Available records:

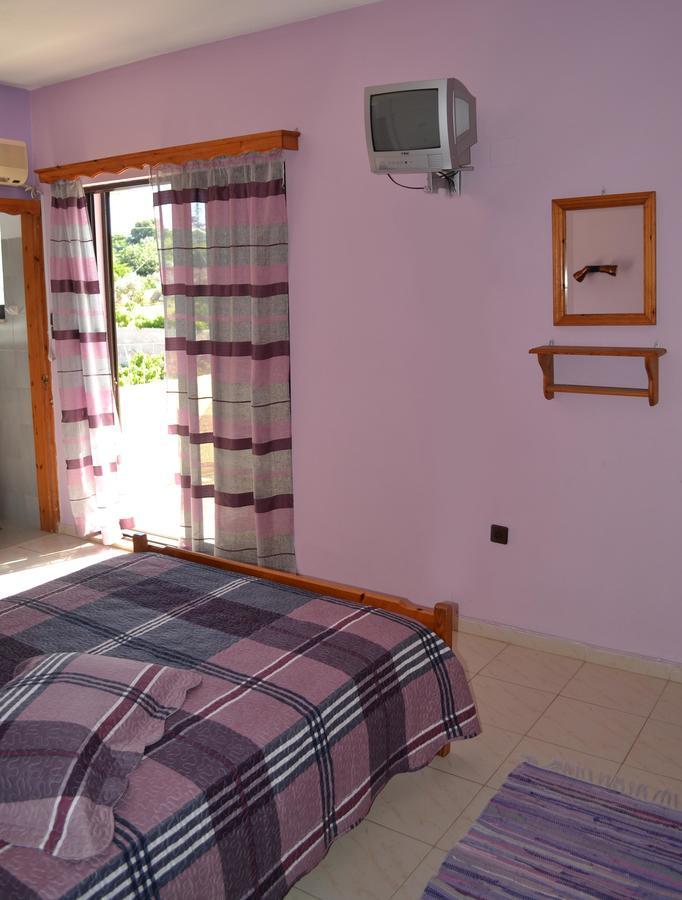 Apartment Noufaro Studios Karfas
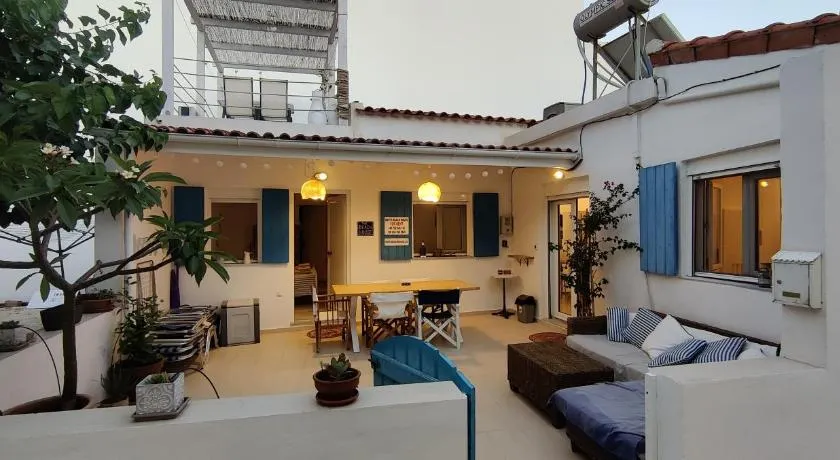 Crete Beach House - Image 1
* * *
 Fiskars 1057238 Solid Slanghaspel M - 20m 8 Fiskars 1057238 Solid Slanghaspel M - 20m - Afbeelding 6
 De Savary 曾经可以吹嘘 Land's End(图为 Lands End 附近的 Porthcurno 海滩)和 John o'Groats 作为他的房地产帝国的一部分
---
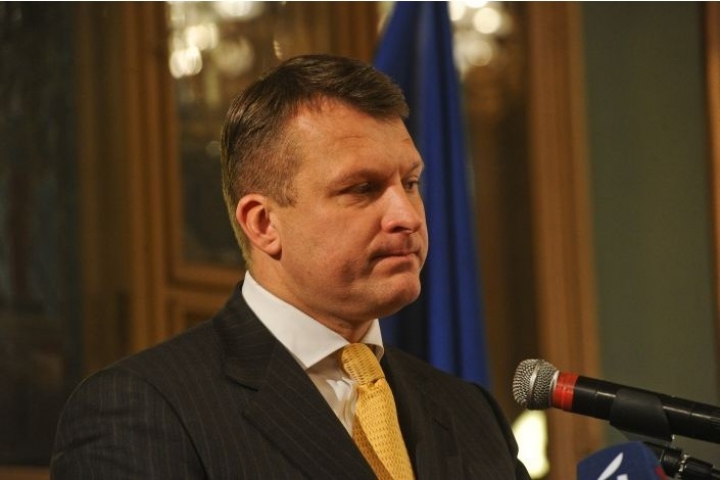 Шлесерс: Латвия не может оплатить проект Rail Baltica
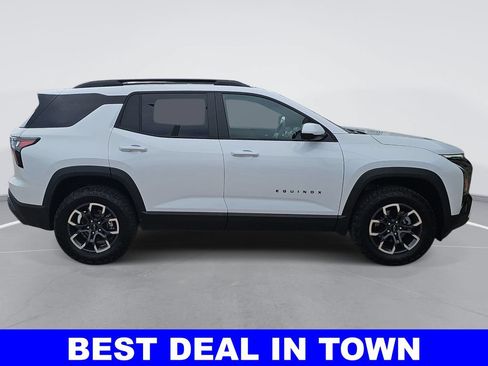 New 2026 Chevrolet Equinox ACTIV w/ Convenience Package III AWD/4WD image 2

Directions for this task: For the material above, give again only the lines starting at the line that contains "Apartment Noufaro Studios Karfas" and ending at the line that contains "Crete Beach House - Image 1". Pictures do not belong in the copy.

Your solution:
 Apartment Noufaro Studios Karfas
 Crete Beach House - Image 1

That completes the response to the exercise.